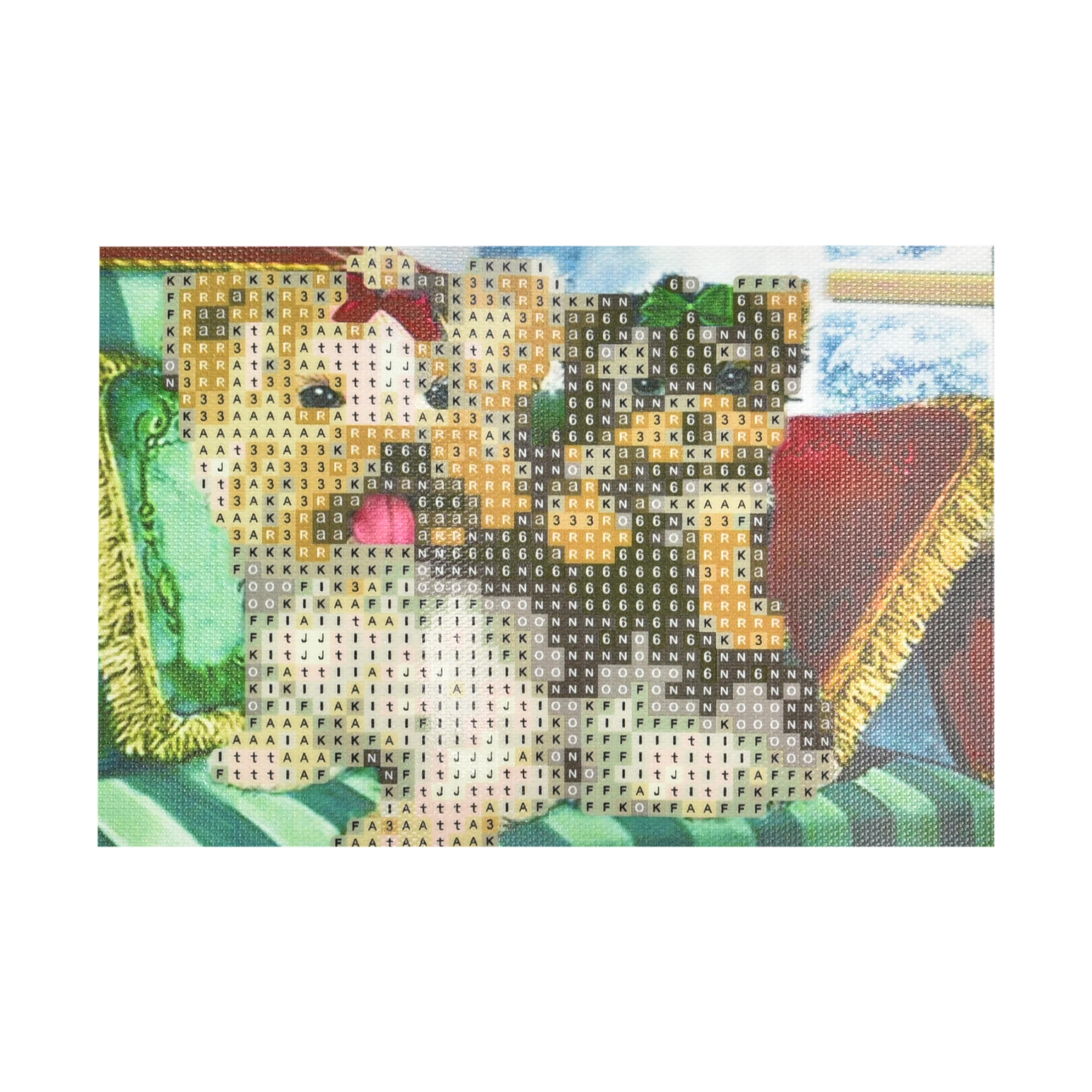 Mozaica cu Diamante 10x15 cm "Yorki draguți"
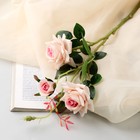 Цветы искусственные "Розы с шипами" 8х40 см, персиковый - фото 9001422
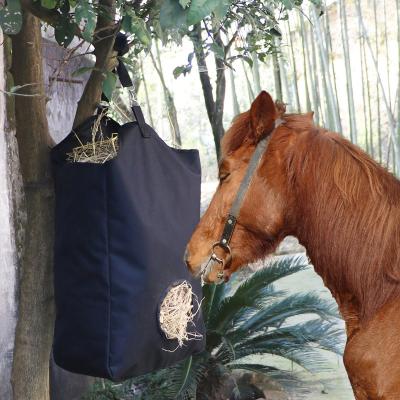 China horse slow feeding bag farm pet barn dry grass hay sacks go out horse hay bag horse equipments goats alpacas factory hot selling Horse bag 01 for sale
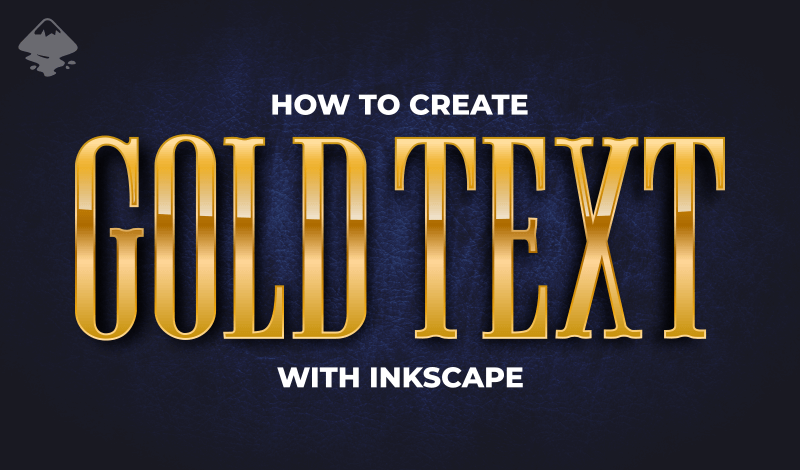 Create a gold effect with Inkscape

* * *

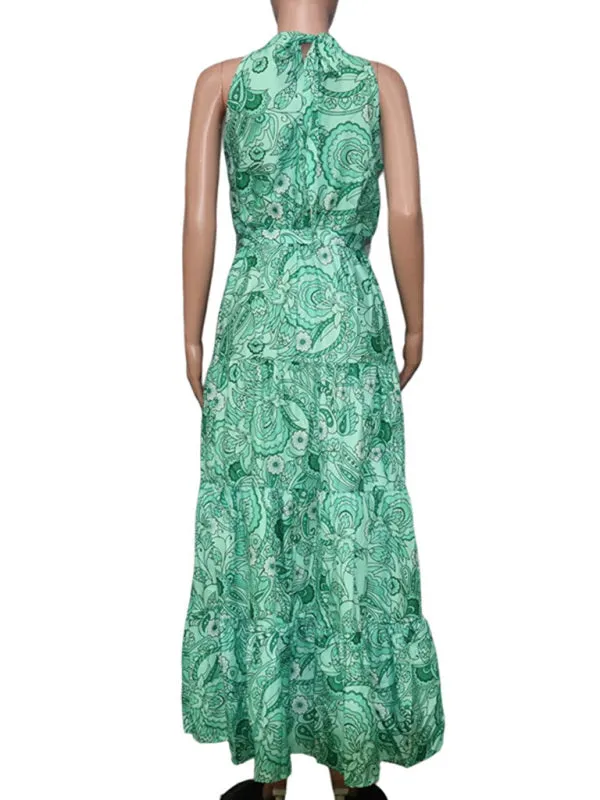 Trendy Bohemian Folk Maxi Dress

---

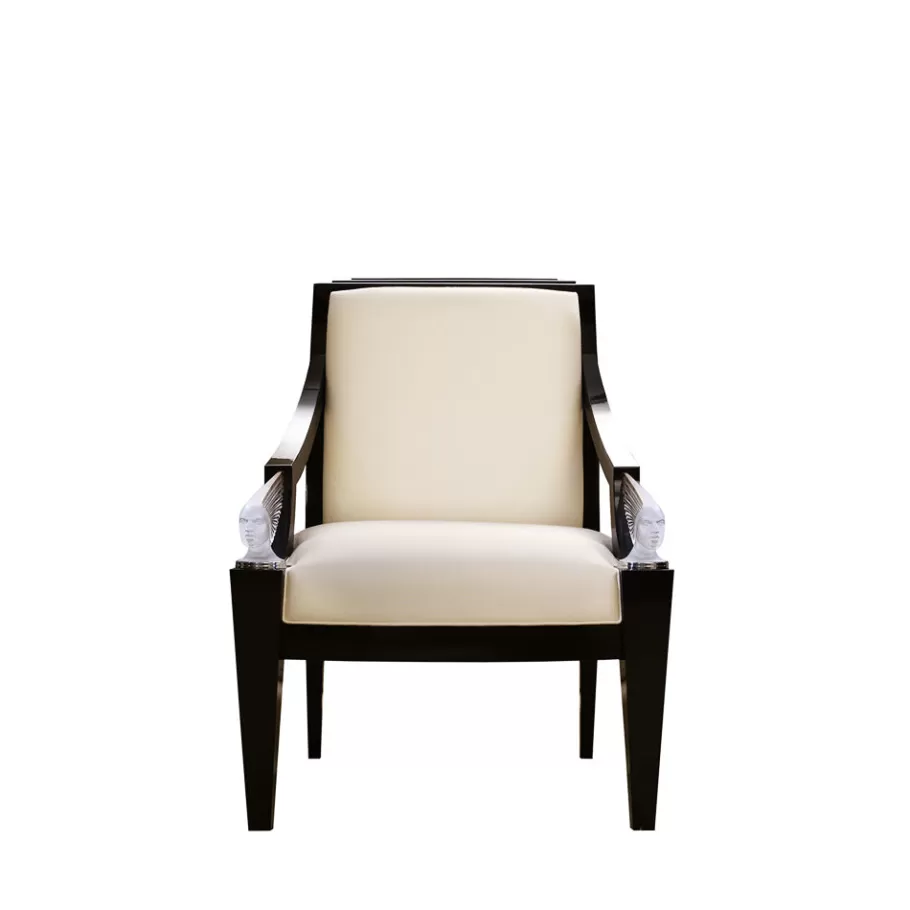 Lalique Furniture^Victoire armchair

What is expected: Reproduce the listing above exactly from the line containing "- фото 9001422" up to and including the line containing "Create a gold effect with Inkscape", omitting any images and everything outside those lines.

Exercise output:
 Цветы искусственные "Розы с шипами" 8х40 см, персиковый - фото 9001422
 China horse slow feeding bag farm pet barn dry grass hay sacks go out horse hay bag horse equipments goats alpacas factory hot selling Horse bag 01 for sale
 Create a gold effect with Inkscape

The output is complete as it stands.